Sebagai daerah bekas konflik Maluku memiliki tingkat labilitas sosial politik yang tinggi. Sama dengan Papua dan Nangroe Aceh Darussalam (NAD) relatif pertumbuhannya lamban.
Secara universal pertumbuhan ekonomi daerah-daerah konflik mengalami keterlambatan dan menghalangi pembangunan. Aceh gambaran daerah konflik yang kesejahteraan rakyatnya tertinggal dibandingkan kawasan lain di Sumatera.
Hal itu karena konflik selalu menimbulkan tidak ada jaminan hukum dan keamanan, kekhawatiran para pengusaha karena investasinya terancam, tak ada lapangan kerja baru, pengangguran meningkat, masyarakat tidak produktif dan terjadi low income bahkan loss income.

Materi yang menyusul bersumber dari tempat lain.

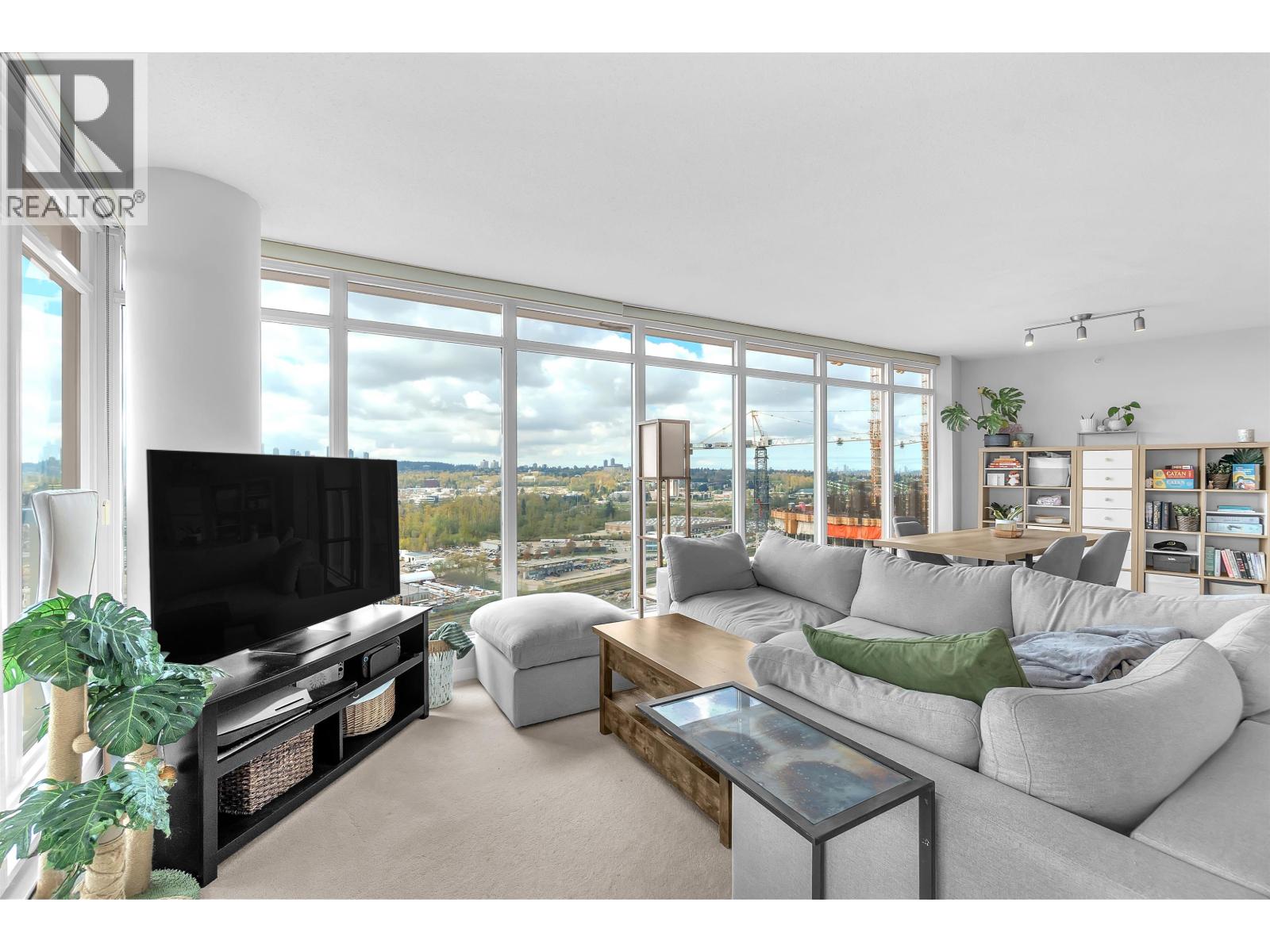 2707 2133 Douglas Road, Burnaby, British Columbia  V5C 0E9 - Photo 5 - R3115105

Pun komunikasi sosial dan perhubungan tidak normal, pysikologi publik minder dan traumatis, ketidakmampuan berkompetisi dengan daerah lain, selalu diliputi oleh situasi eksplosif, kerusuhan (riot) yang menghancurkan pembangunan, kehancuran demokrasi: tertutupnya akses informasi, kerugian bagi media massa, dan ancaman potensial atas kebebasan pers.
Kunci utama bagi maju-mundurnya suatu negara atau daerah memang tergantung banyak faktor. Salah satu sebagaimana dimaksud Prof.Ordway di awal tulisan ini yakni kualitas kepemimpinan.
Seorang pemimpin harus banyak akal yang dimaksud Prof. Ordway di atas tidak lain yakni pemimpin harus memiliki kecakapan, integritas, punya kematangan intelektual, emosional, dan spiritual yang religius, amanah, ikhlas, dan menganggap kerja itu ibadah.
Juga memiliki kemampuan sense of cricis yakni kepekaan mengatasi krisis. Seorang pemimpin harus menjadi problem of solving atau pemecah masalah (mencari solusi), bukan justeru menjadi bagian dari masalah. Karena itu kualitas kepemimpinan sangat menentukan keberhasilan pembangunan yang terjadi dalam kehidupan atau institusi manapun baik di pusat maupun daerah.
Tahun 2024 kita akan memasuki perhelatan tahun politik untuk pemilihan anggota legislatif, kepala daerah, walikota, gubernur, dan presiden. Salah satu malapetaka besar bisa mengancam masyarakat dan bangsa kita bila terjadi krisis kepemimpinan.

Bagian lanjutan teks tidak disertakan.